#### EXTRACTED MATERIAL ####
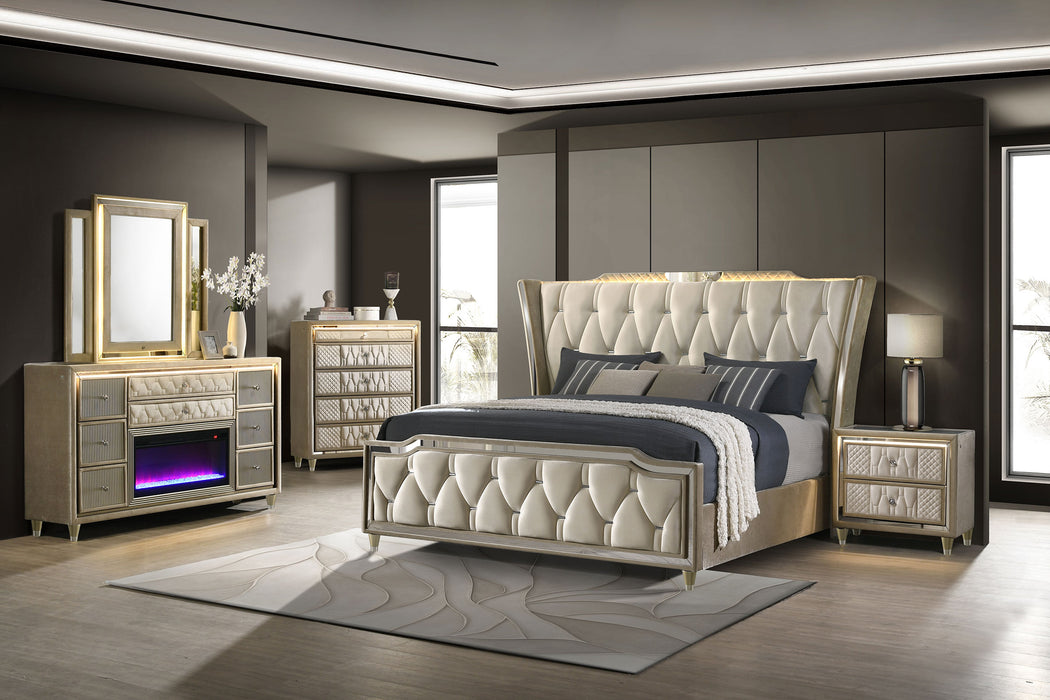 Five Star Furniture - Lorient Wingback Bed with LED Lighting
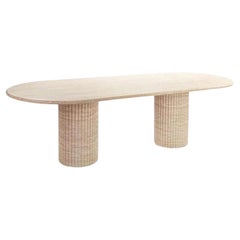 Travertine Fluted Dining Table 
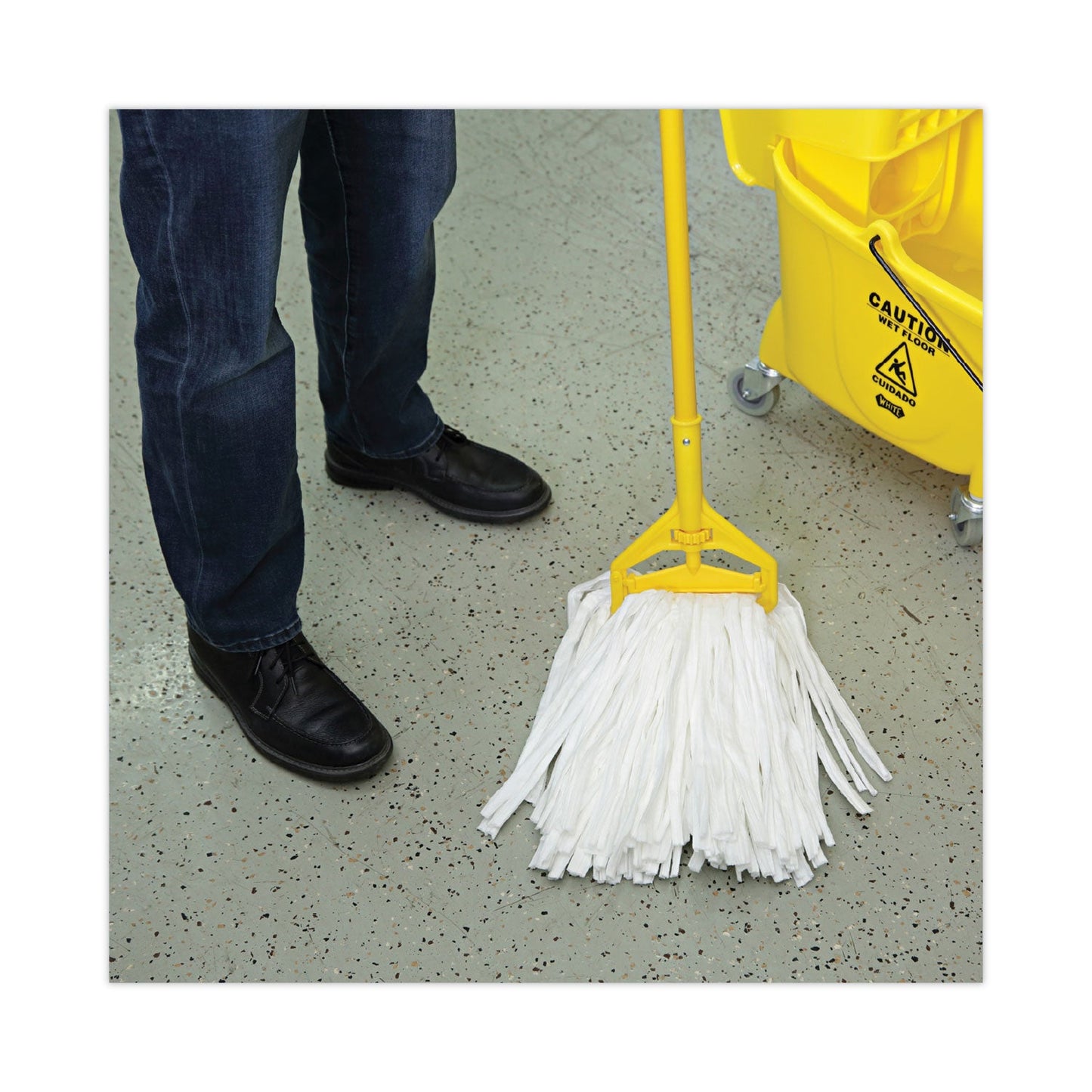 Boardwalk Nonwoven Cut End Edge Mop, Rayon/Polyester, #24, White, 12/Carton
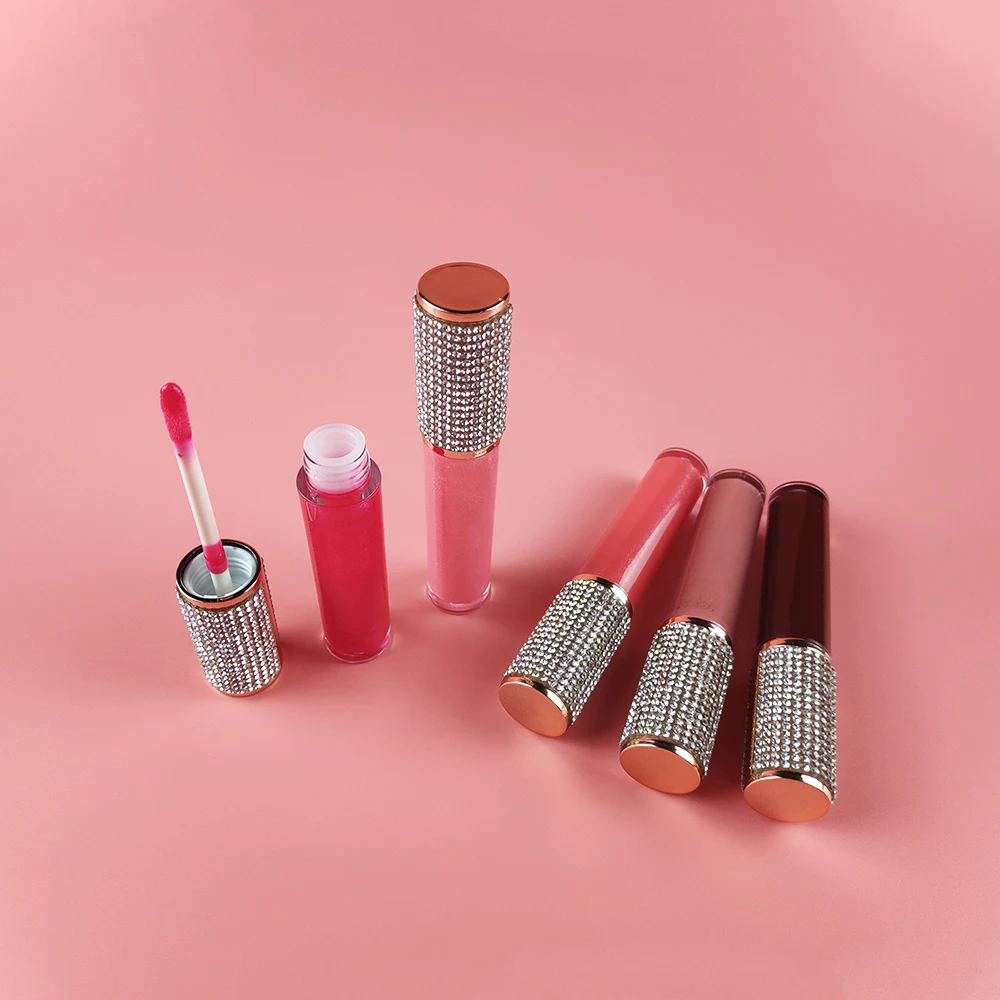Cosmetics Private Label Lip Gloss Waterproof Diamond Lid Makeup DIY Lip Gloss
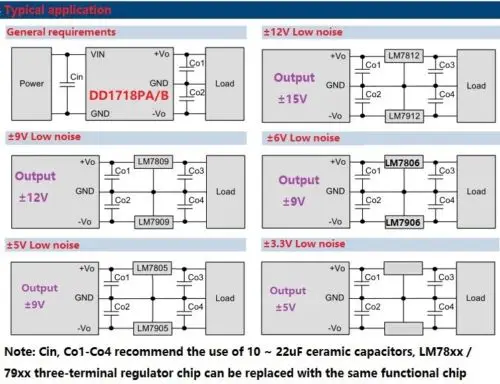 3V-18V ถึง ± 5V/6/9V/12V/15V/24V แรงดันไฟฟ้าแปลง DD1718PA ADC DAC LCD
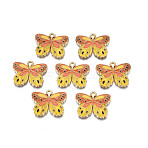 Alloy Enamel Pendants, Cadmium Free & Nickel Free & Lead Free, Light Gold, Butterfly, Gold, 18x22x2.5mm, Hole: 1.6mm(ENAM-N055-105A)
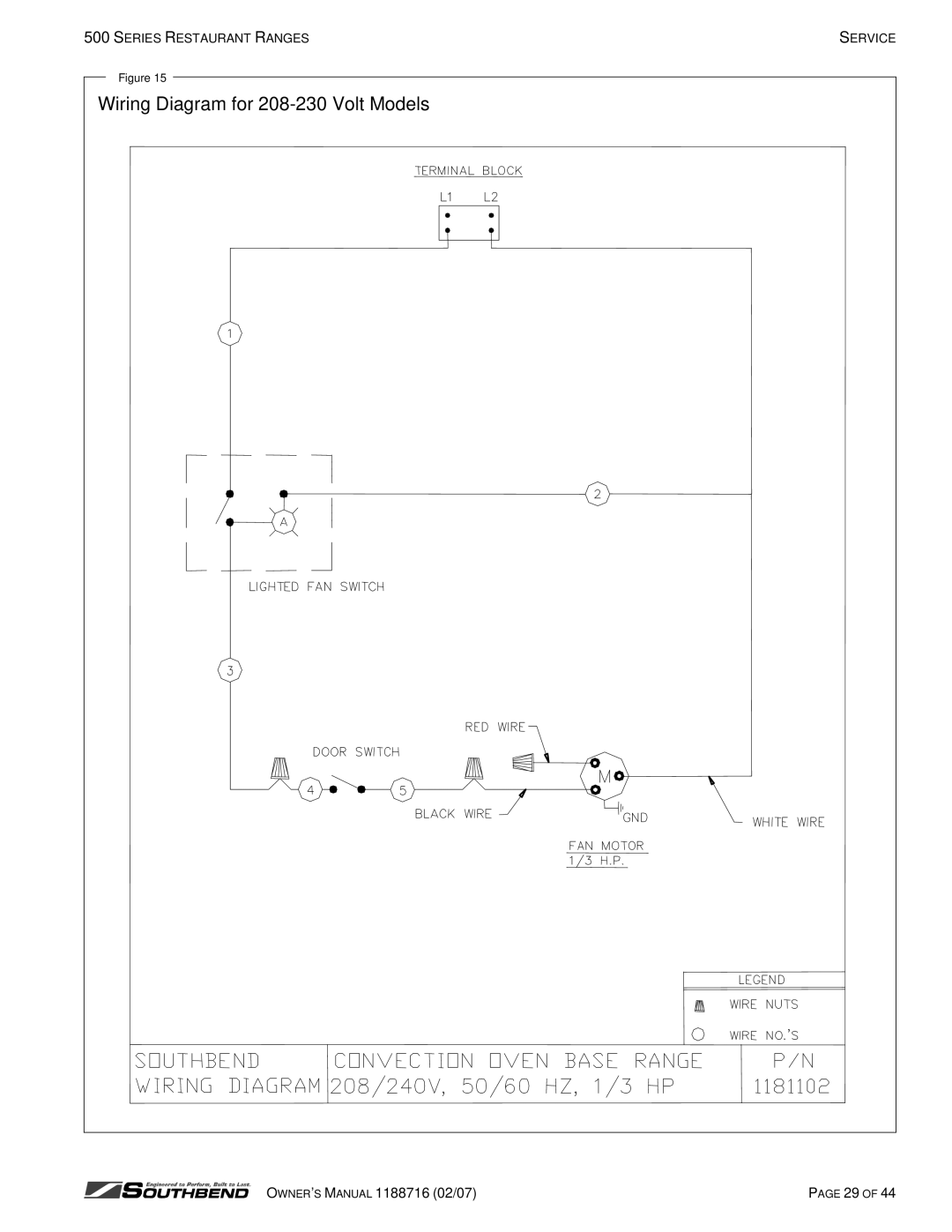 Southbend X536A, X560AA, X536D, S560DD, S536D, X560AD, S560AA, S560AD, X560DD S536A Wiring Diagram for 208-230 Volt Models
####
WORK TO COMPLETE: Only the lines from the one holding "Travertine Fluted Dining Table" through the end of the data are to be printed, exactly as they stand and with no pictures.

OUTPUT:
 Travertine Fluted Dining Table 
 Boardwalk Nonwoven Cut End Edge Mop, Rayon/Polyester, #24, White, 12/Carton
Cosmetics Private Label Lip Gloss Waterproof Diamond Lid Makeup DIY Lip Gloss
 3V-18V ถึง ± 5V/6/9V/12V/15V/24V แรงดันไฟฟ้าแปลง DD1718PA ADC DAC LCD
 Alloy Enamel Pendants, Cadmium Free & Nickel Free & Lead Free, Light Gold, Butterfly, Gold, 18x22x2.5mm, Hole: 1.6mm(ENAM-N055-105A)
 Southbend X536A, X560AA, X536D, S560DD, S536D, X560AD, S560AA, S560AD, X560DD S536A Wiring Diagram for 208-230 Volt Models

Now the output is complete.